WHAT IS REQUIRED:
Below are entries with pictures in them. Output exactly the lines starting at the line with "Mercedes-Benz GLC-Class 2025" and ending at the line with "Kitchen - 7", both included, but not the pictures.

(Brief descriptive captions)

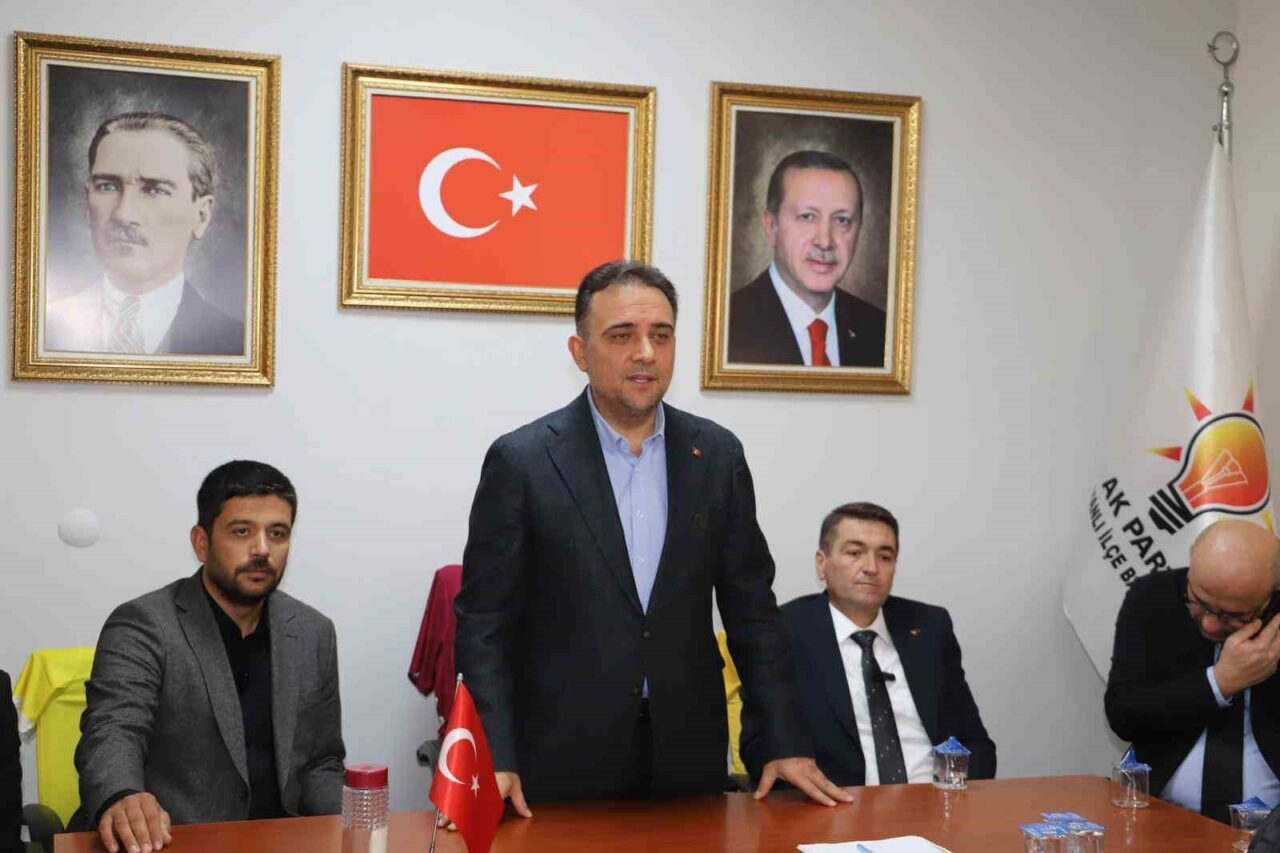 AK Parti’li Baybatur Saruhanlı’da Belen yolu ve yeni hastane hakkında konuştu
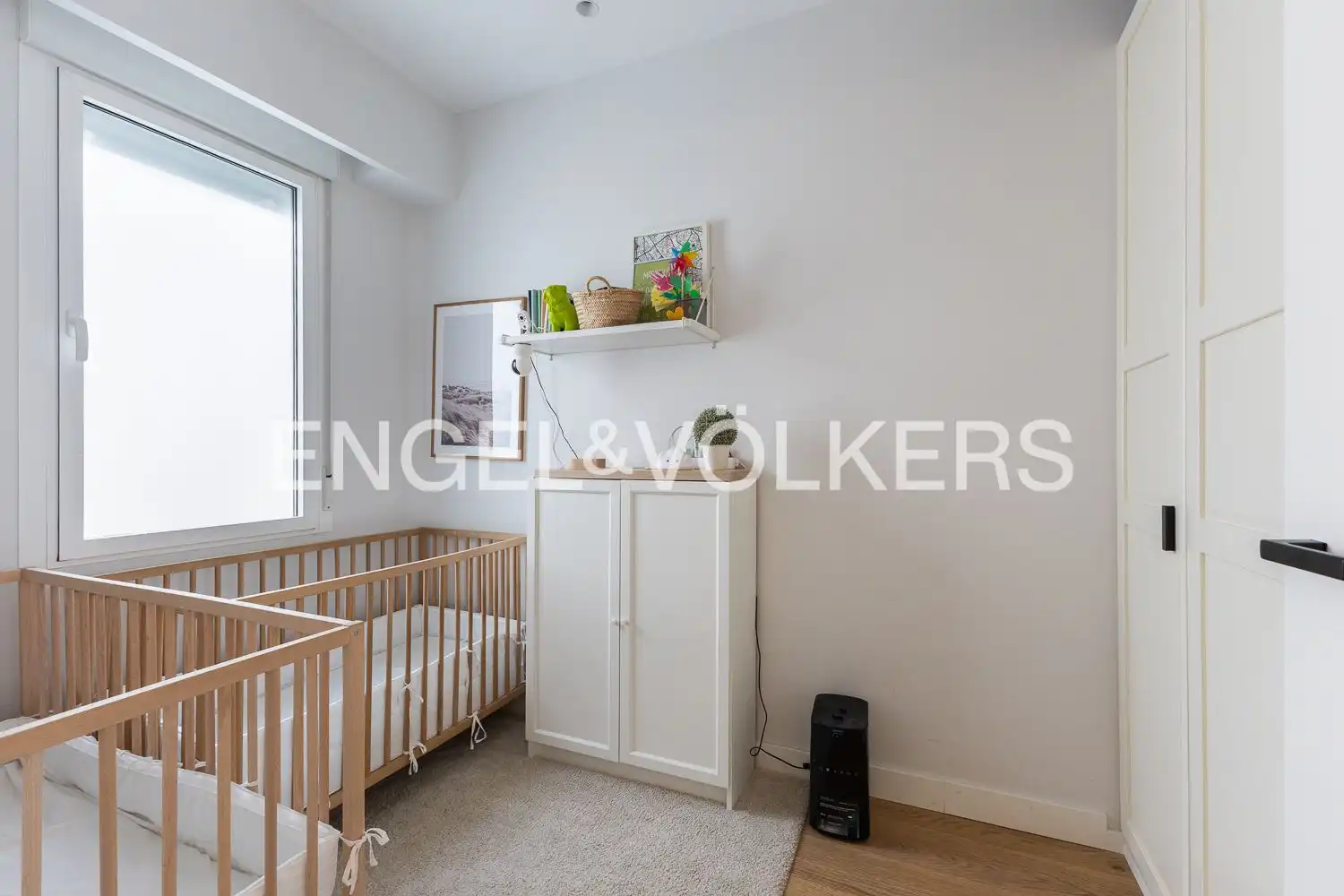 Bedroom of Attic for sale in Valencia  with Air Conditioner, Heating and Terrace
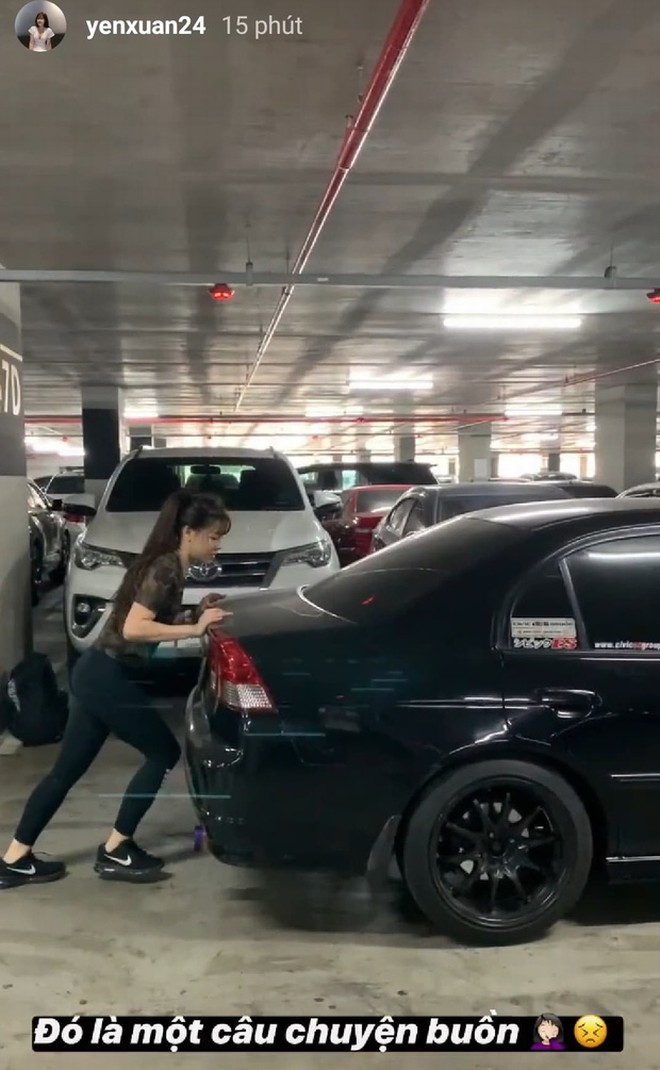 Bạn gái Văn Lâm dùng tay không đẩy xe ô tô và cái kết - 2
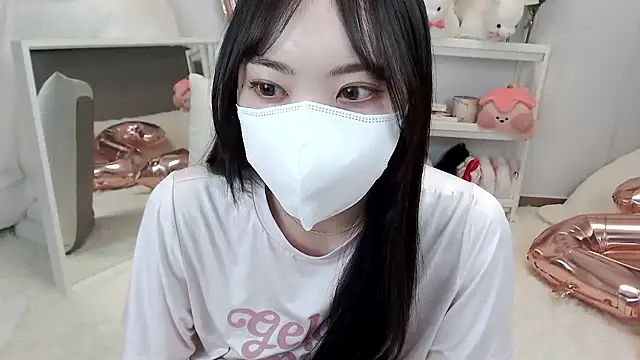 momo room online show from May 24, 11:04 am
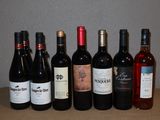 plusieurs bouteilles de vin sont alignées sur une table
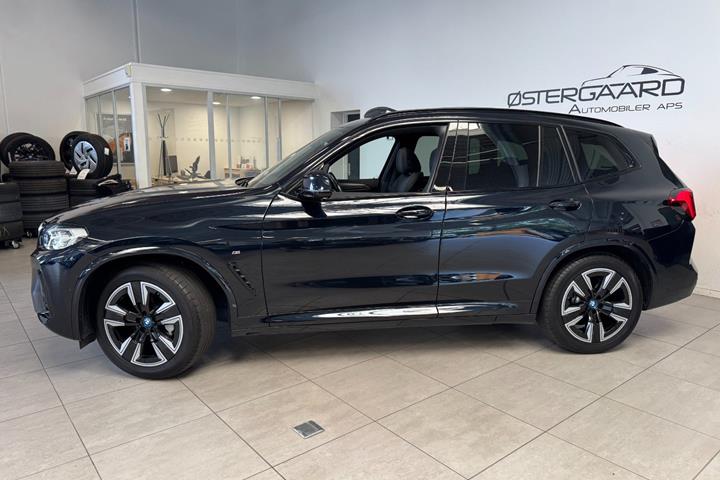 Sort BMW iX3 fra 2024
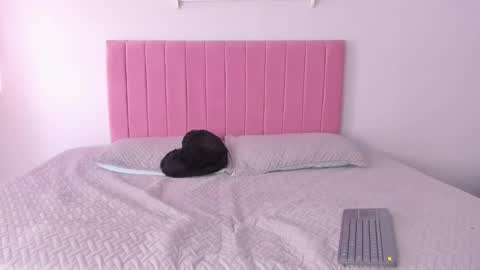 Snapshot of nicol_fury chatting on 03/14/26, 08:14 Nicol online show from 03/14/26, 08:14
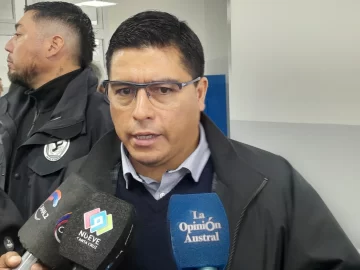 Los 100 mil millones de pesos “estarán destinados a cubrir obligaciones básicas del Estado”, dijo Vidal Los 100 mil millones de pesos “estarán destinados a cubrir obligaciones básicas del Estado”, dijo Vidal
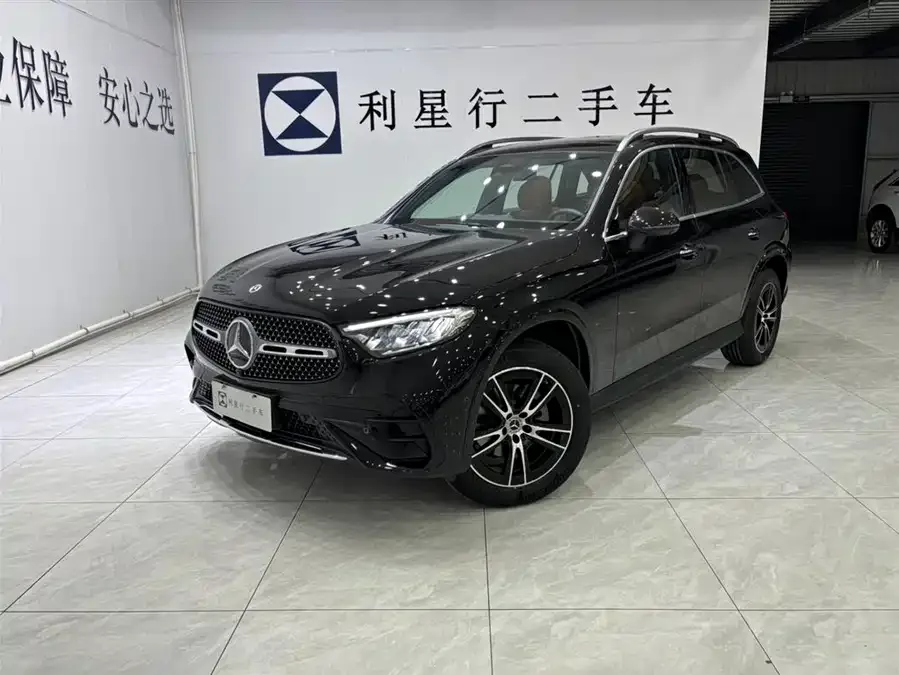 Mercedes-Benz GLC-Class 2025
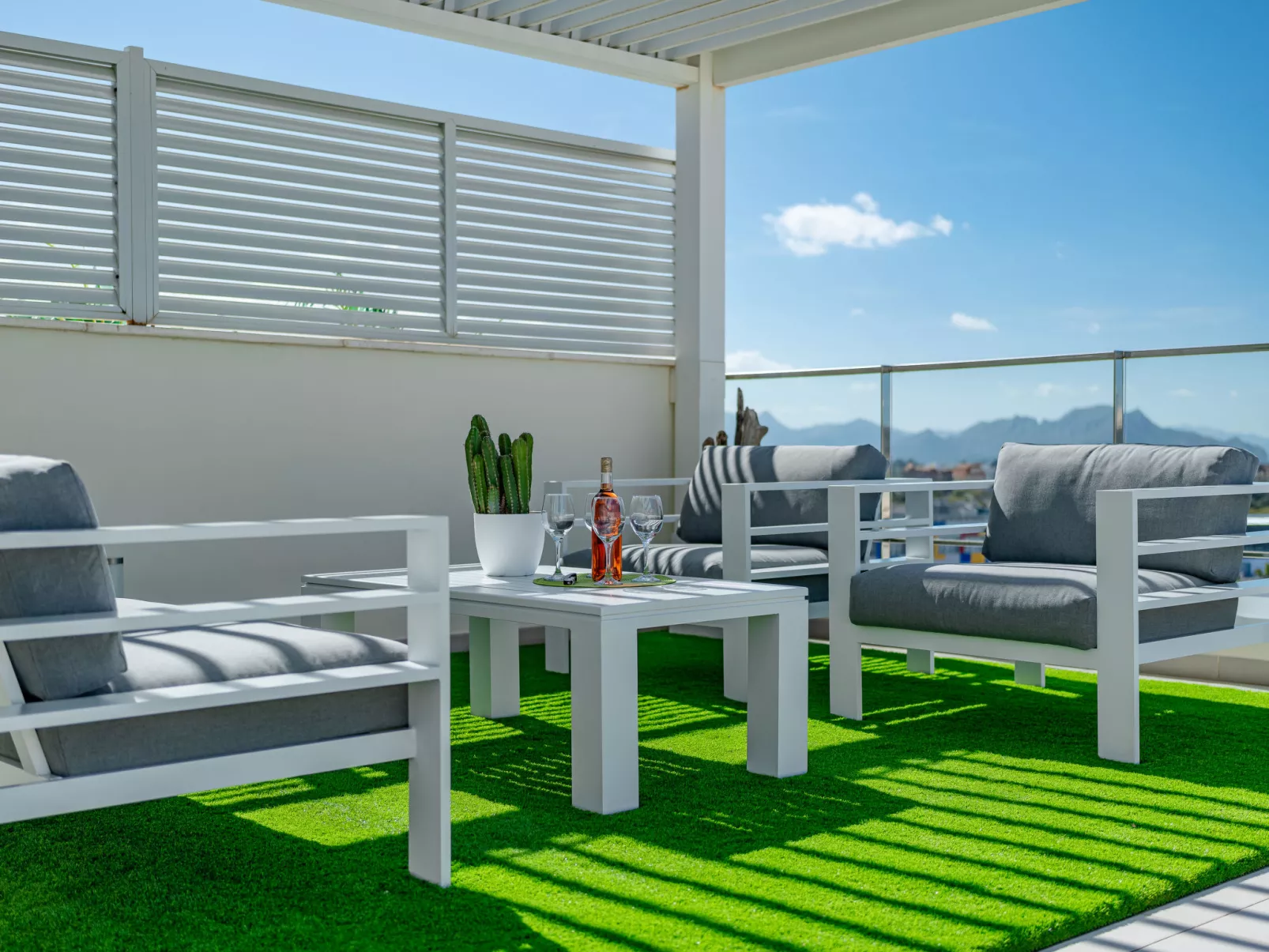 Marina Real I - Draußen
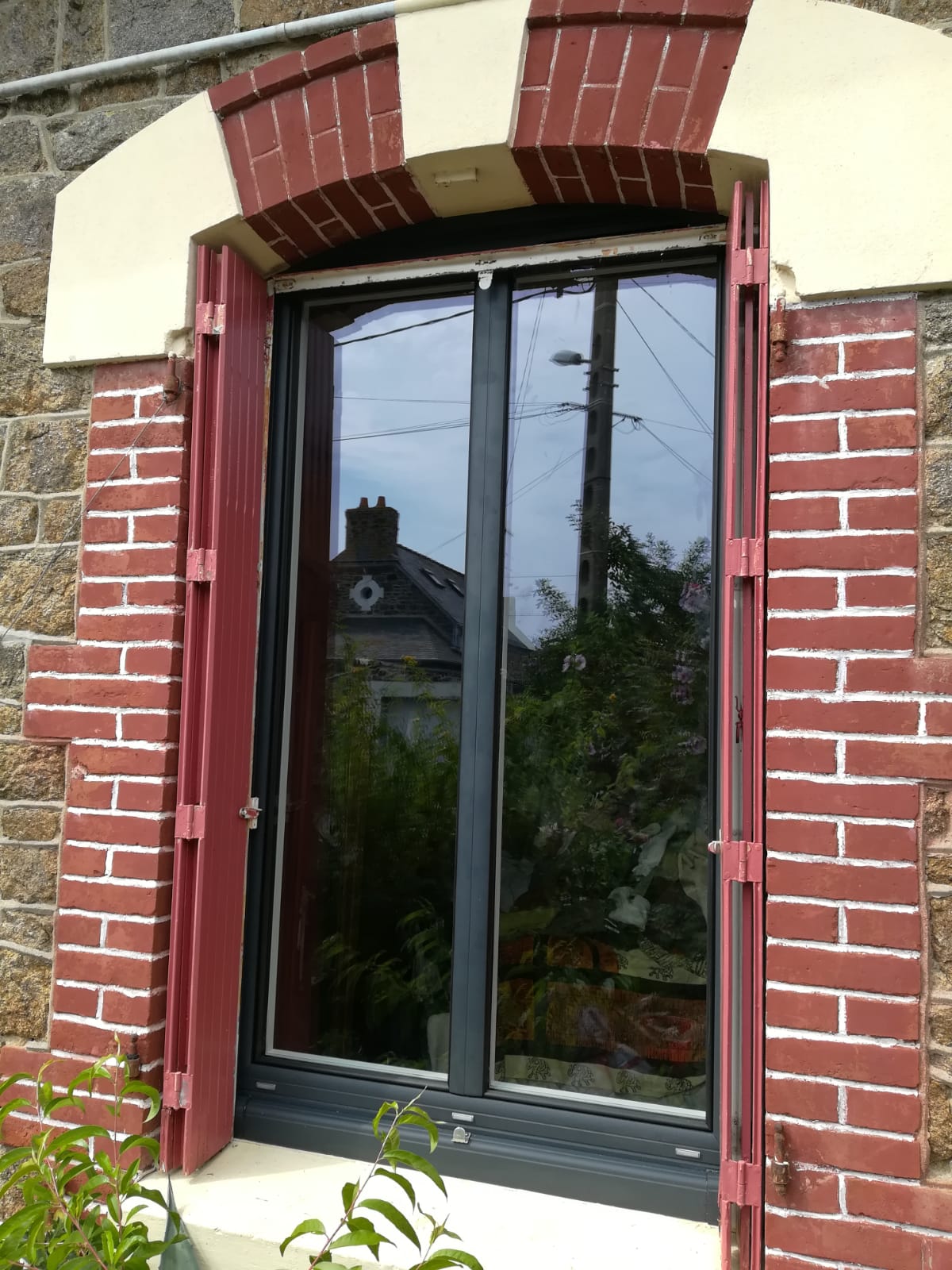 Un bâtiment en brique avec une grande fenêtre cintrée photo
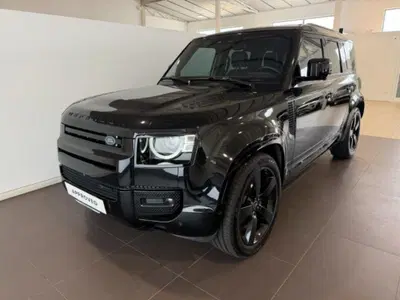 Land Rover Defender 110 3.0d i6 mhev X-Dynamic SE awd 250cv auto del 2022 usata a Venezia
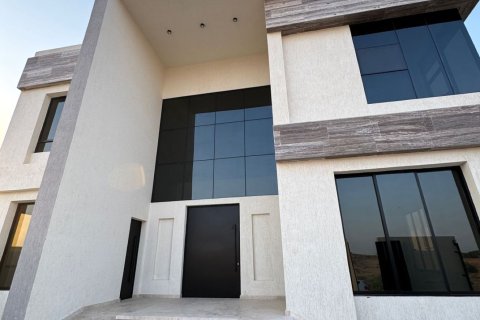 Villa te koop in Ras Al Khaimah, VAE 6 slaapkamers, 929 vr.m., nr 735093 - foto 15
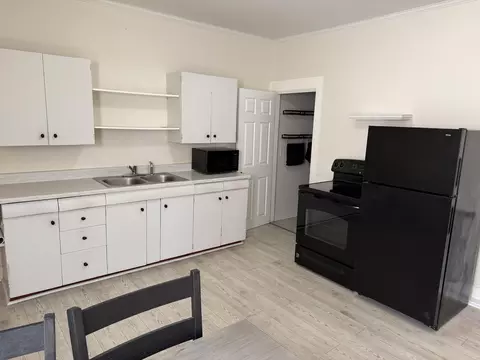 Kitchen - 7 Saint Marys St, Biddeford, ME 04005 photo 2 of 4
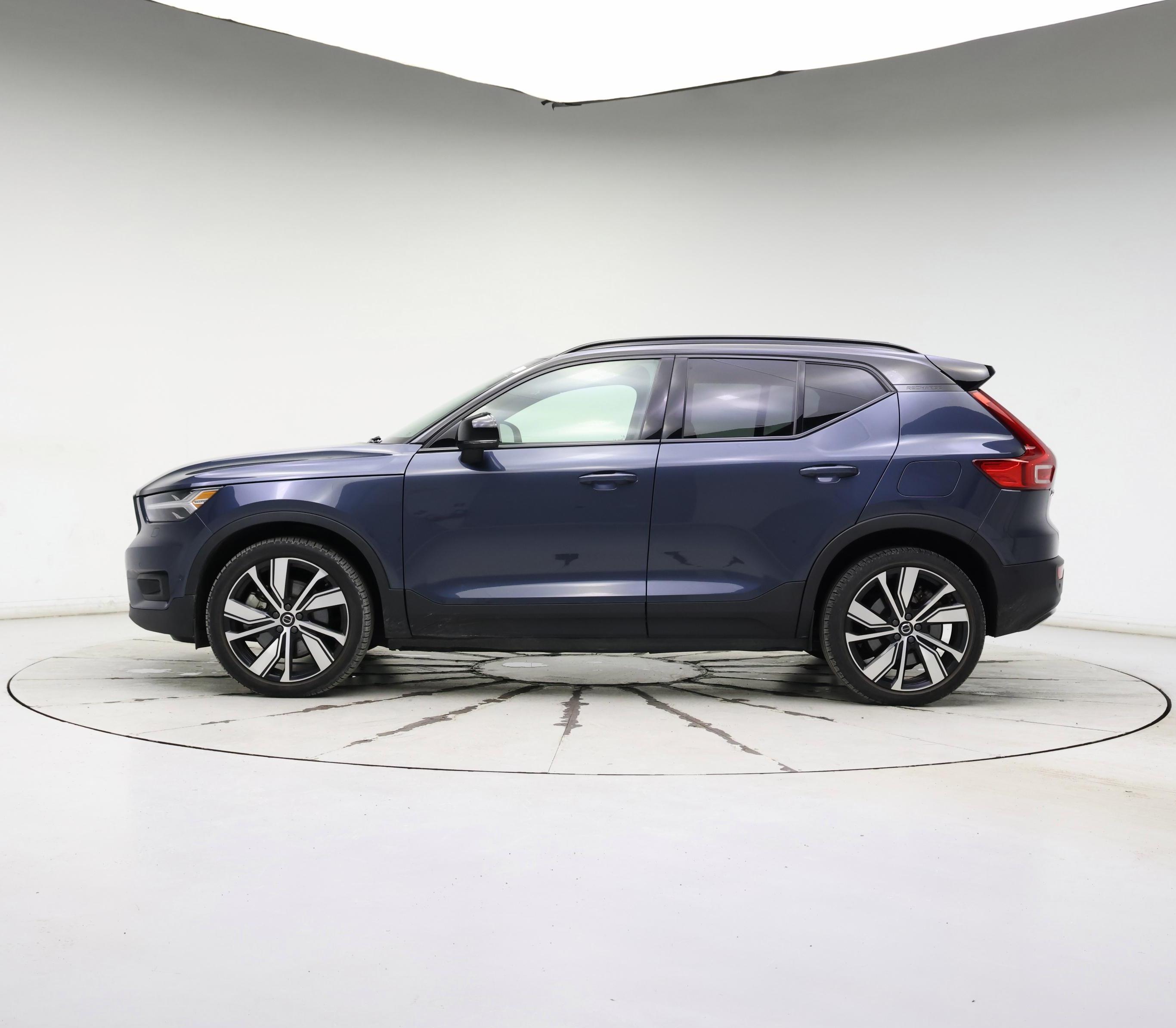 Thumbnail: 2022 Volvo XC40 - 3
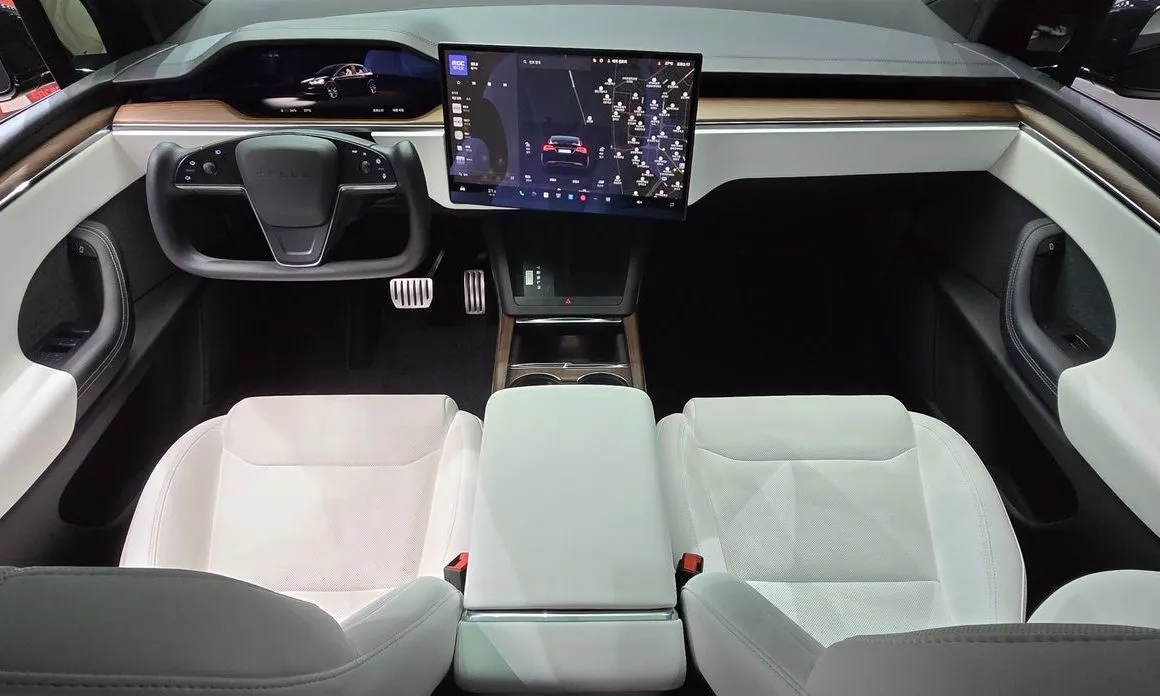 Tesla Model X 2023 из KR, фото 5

EXERCISE ANSWER:
 Mercedes-Benz GLC-Class 2025
 Marina Real I - Draußen
 Un bâtiment en brique avec une grande fenêtre cintrée photo
 Land Rover Defender 110 3.0d i6 mhev X-Dynamic SE awd 250cv auto del 2022 usata a Venezia
 Villa te koop in Ras Al Khaimah, VAE 6 slaapkamers, 929 vr.m., nr 735093 - foto 15
 Kitchen - 7 Saint Marys St, Biddeford, ME 04005 photo 2 of 4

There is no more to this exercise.